Bad wording on my part, and I still don't know how to word it better. I'm sure this thing is useful, I don't think everyone who contributed code was just clueless.

However, the claim "in the future, computers will not crash due to bad software updates, even those updates that involve kernel code" must be false. There is no way it is true. Whatever Cilium is, I cannot believe it generally prevents kernel crashes.

umanwizard · on July 22, 2024

Correct, you will never be able to write any possible arbitrary code and have it run in eBPF. It necessarily constrains the class of programs you can write. But the constrained set is still quite useful and probably includes the crowdstrike agent.

Also, although this isn't the case now, it's possible to imagine that the verifier could be relaxed to allow a Turing-complete subset of C that supports infinite loops while still rejecting sources of UB/crashes like dereferencing an invalid pointer. I suspect from reading this post that that is the future Mr. Gregg has in mind.

> Whatever Cilium is, I cannot believe it generally prevents kernel crashes.

It doesn't magically prevent all kernel crashes from unrelated code. But what we can say is that Cilium itself can't crash the kernel unless there are bugs in the eBPF verifier.

lucianbr · on July 22, 2024

If the verifier allowed a Turing-complete language, it would solve the halting probem, which is impossible.

umanwizard · on July 22, 2024

My point is that the verifier could be relaxed to accept programs that never halt, thus not needing to solve the halting problem. You could then have the kernel just kill it after running over a certain maximum amount of time.

lucianbr · on July 22, 2024

Why do you think the kernel crashes when crowdstrike attempts to reference some unavailable address (or whatever it does) instead of just denying that operation and continuing on? That would be the solution using this philosophy "just kill long running program". And no need for eBPF or anything complicated. But it doesn't work that way in practice.

This is just such a naive view. "We can prevent programs from crashing by just taking care to stop them when they do bad things". Well, sure, that's why you have a kernel and userland. But it turns out, some things need to run in the kernel. Or "just deny permission". Then it turns out some programs need to run as admin. And so on.

There is a generality in the halting problem, and saying "we'll just kill long runing programs" just misses the point entirely.

Likely what will happen is that you will kill useful long-running programs, then an exception mechanism will be invented so some programs will not be killed, because they need to run longer, then one of those programs will go into an infinite loop despite all your mechanisms preventing it. Just like the crowdstrike driver managed to bring down the OS despite all the work that is supposed to prevent the entire computer crashing if a single program tries something stupid.

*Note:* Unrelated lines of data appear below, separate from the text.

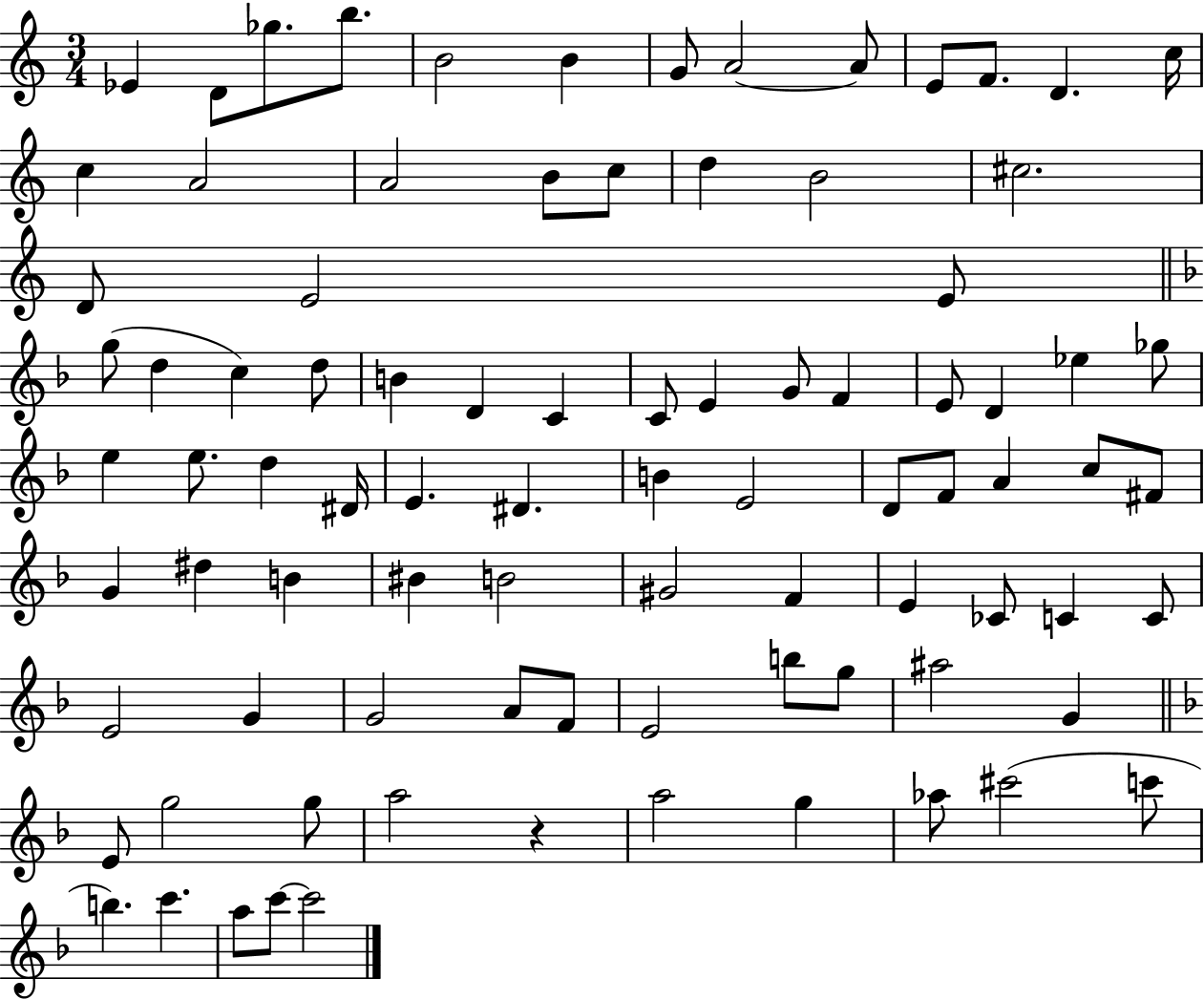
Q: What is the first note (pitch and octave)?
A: Eb4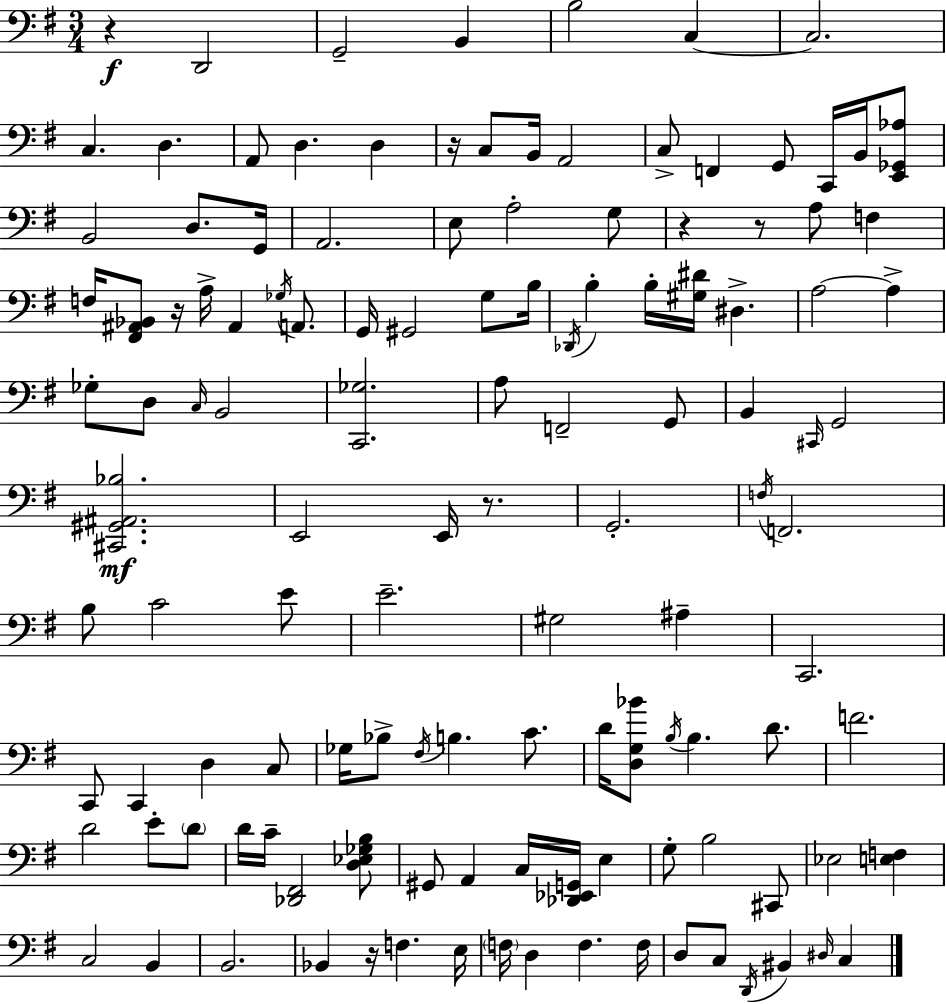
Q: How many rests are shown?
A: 7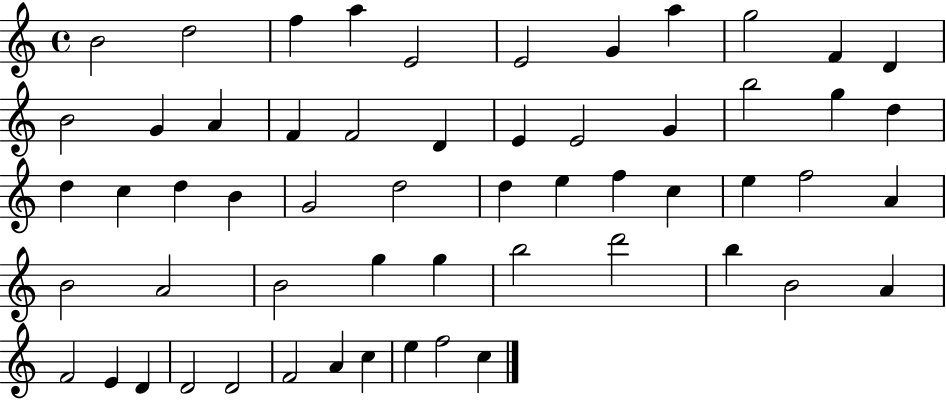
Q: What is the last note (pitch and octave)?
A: C5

umanwizard · on July 22, 2024

> Why do you think the kernel crashes when crowdstrike attempts to reference some unavailable address (or whatever it does) instead of just denying that operation and continuing on?

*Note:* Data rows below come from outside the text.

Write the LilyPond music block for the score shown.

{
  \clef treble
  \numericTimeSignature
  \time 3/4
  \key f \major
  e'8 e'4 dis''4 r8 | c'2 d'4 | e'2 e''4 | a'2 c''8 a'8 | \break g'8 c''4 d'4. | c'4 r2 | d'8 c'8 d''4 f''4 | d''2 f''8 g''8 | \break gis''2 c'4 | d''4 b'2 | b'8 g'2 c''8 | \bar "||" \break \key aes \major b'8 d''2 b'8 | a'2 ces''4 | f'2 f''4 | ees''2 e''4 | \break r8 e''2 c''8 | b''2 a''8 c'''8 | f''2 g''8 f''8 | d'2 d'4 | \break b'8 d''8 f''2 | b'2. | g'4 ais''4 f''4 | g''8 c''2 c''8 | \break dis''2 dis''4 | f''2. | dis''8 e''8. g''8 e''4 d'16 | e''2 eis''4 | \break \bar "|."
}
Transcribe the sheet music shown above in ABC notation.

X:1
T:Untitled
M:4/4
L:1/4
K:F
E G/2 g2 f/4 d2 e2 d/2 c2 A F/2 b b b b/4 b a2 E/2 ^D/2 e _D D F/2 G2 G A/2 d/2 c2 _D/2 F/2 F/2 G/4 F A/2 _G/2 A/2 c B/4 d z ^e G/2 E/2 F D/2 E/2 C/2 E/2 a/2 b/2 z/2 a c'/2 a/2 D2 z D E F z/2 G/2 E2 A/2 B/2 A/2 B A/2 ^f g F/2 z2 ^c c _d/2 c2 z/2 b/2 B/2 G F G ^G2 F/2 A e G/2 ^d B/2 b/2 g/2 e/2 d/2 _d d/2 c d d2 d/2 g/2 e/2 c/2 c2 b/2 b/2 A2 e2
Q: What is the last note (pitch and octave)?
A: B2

Linux and windows are completely monolithic kernels; the crowdstrike agent isn't running in a sandbox and has complete unfettered access to the entire kernel address space. There is no separate "the kernel" to detect when the agent does something wrong; once a kernel module is loaded, IT IS the kernel.

Lots of people have indeed realized this is undesirable and that there should be a sandboxed way to run kernel code such that bugs in it can't cause arbitrarily bad undefined behavior. Thus they invented eBPF. That's precisely what eBPF is.

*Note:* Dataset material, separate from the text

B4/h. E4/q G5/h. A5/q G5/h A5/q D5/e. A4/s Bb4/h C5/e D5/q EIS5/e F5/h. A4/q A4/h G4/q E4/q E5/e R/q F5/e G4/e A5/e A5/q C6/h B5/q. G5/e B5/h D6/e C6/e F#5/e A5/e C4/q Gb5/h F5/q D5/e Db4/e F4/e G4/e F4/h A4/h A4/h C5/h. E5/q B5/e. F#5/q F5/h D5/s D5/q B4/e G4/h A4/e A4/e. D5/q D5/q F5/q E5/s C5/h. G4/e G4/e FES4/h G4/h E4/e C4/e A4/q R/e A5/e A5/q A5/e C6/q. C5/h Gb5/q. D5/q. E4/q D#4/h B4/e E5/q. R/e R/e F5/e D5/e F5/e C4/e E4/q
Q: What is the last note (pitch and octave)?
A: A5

I don't know whether it's literally true that someday you will be able to write all possibly useful kernel-mode code in eBPF. But the spirit of the claim is true: there's a huge amount of useful software that could be written in eBPF today on Linux instead of as kernel modules, and this includes crowdstrike. Thus Windows supporting eBPF, and crowdstrike choosing to use it, would have solved this problem. That set of software will increase as the eBPF verifier is enhanced to accept a wider variety of programs.

Just like you can write pretty much any useful program in JavaScript today -- a sandboxed language.

You're also correct that due to the halting problem, we'll either have to accept that eBPF will never be Turing complete, OR accept that some eBPF programs will never halt and deal with the issues in other ways. Just like Chrome's JavaScript engine has to do. I don't really view this as a fundamentally unsolvable issue with the nature of eBPF.

tptacek · on July 22, 2024

The claim isn't that eBPF generally prevents kernel crashes. It's that it prevents crashes in the subset of programs it's designed for, in particular for instrumentation, which Crowdstrike is (in this author's conception) an instance of.

lucianbr · on July 22, 2024

I have quoted the claim verbatim from the article. It is obviously the claim of the article.

tptacek · on July 22, 2024

It's referring to Windows security software. If you have a lot of context with eBPF, which Gregg obviously does, the notion that eBPF will subsume the entire kernel doesn't even need to be said: you can't express arbitrary programs in eBPF. eBPF is safe because the verifier rejects the vast majority of valid programs.